Off we went again, to find the reverend for the church, and check the hard copy records. These attained, we scoured pages and pages for mention of a James, or a John, or even a Someone James from 1878, but although the records predated his year of death, we found nothing.
Skepticism was neigh once more, and I only meekly agreed that of course these records weren't complete - fires, great floods, raging bulls, and so on.

The fun wasn't over however, as we continued on our quest, venturing through the towns of Fintona and somewhere else to Fivemiletown. Here we paid a visit to Pearl, another cousin who possessed a memory exceeding the greatness of an elephant's, I was told.
Pearl welcomed us in to her cosy stone cottage, which dogs and children were again making merry. As we drank tea we discussed the whole feverishly mysterious case once more. Pearl seemed to know a lot, she brought up names of grandfathers and third cousins and, bizarrely, a not so distant relationship to George Best, (the Manchester United football player who has recently bought a new liver.)
At Franceys mention of the man who went off on a boat to meet his wife on the way and never be heard of again, the lights dimmed and Pearl reclined in her chair.

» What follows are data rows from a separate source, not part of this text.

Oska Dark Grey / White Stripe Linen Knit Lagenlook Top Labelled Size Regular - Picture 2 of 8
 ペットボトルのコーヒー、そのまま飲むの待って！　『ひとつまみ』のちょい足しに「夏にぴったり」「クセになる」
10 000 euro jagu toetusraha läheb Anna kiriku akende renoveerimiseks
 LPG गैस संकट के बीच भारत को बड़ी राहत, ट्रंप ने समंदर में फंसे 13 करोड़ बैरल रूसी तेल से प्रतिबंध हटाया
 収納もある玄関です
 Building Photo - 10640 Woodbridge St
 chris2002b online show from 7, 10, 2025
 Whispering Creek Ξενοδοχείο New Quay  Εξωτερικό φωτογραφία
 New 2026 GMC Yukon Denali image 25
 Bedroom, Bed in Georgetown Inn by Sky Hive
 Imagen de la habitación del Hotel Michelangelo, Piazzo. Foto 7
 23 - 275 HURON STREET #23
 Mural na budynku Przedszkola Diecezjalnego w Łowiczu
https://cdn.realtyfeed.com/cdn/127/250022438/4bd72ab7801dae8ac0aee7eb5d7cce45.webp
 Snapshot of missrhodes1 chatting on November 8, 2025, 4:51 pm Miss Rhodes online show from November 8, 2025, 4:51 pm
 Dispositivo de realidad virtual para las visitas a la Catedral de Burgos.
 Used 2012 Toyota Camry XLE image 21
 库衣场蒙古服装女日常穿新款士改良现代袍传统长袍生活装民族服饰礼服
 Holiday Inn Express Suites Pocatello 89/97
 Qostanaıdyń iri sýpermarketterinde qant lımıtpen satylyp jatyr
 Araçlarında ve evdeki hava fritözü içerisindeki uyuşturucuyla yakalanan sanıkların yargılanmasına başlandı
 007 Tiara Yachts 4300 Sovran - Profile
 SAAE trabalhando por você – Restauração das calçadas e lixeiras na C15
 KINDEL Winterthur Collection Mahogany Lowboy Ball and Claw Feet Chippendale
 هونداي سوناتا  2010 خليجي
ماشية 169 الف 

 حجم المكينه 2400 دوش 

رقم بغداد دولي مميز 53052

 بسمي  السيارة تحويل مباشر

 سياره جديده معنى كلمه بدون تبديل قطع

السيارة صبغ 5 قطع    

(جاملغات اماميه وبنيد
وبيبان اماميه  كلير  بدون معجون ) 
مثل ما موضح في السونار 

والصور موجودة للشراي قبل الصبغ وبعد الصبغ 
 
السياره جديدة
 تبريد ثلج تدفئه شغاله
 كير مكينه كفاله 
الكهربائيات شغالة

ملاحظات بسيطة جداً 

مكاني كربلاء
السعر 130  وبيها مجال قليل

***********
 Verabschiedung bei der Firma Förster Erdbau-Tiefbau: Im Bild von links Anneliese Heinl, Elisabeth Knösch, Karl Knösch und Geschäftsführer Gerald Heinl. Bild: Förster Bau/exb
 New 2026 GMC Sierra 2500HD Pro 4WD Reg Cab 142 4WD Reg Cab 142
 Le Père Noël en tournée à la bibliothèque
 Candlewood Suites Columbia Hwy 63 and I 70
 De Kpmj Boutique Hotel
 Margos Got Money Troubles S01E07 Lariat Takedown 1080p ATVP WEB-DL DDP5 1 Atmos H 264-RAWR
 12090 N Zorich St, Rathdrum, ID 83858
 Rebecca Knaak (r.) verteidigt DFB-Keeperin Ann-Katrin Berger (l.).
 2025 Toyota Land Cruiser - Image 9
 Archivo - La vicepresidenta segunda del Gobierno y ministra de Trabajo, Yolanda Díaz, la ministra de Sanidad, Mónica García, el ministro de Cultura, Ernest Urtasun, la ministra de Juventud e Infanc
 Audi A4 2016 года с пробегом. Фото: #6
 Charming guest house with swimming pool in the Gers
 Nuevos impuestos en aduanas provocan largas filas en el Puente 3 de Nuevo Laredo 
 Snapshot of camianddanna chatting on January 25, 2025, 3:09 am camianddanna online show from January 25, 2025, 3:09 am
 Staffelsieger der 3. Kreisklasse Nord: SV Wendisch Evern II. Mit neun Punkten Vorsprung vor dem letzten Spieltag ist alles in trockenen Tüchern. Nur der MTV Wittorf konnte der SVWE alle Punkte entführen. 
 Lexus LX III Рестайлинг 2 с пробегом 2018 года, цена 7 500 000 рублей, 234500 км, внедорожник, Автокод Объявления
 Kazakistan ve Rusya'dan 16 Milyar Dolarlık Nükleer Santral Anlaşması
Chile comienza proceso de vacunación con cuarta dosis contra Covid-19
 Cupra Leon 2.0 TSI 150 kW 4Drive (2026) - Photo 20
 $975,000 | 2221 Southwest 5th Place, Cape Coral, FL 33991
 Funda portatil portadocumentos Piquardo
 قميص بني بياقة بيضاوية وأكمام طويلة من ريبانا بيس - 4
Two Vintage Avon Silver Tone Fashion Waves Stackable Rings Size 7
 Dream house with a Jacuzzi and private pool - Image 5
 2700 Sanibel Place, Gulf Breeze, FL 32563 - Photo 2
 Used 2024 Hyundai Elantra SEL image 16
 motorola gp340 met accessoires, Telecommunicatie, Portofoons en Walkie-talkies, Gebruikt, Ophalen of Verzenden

She began in hushed voice to tell us the story in full detail. Aye he was a fine man, so he was. A head of hair like fire, a thick mane that flowed after him as he walked, with his strong, slow gait........... When the story was over and I'd felt we'd spent enough time in reverential silence, I asked Pearl from which long dead soothsayer she had heard this story.
"Why Hazel of course - she told me the other day on the phone!"

Back in Omagh we discussed over dinner how most of our leads had fizzled off to their own conclusions. There were still a few churches which had not been checked, and more information could be added to the family trees, but my time in Northern Ireland was nearing an end and I felt there was not much more I could delve into.
It had been fascinating nonetheless, to see the land where distant ancestors had lived for a couple of hundred years and moved on from, to get a sense of history and continuance from a place and feel somehow connected to the past, and to know that I would not exist if those people had not existed.
So i said Goodbye to Hazel and Gavaughy and sixmilecross and headed off, not in a boat but a modern day Ulsterexpress bus, in which despite the appearance of many intriguing characters I did not, unsurprisingly, meet my future wife.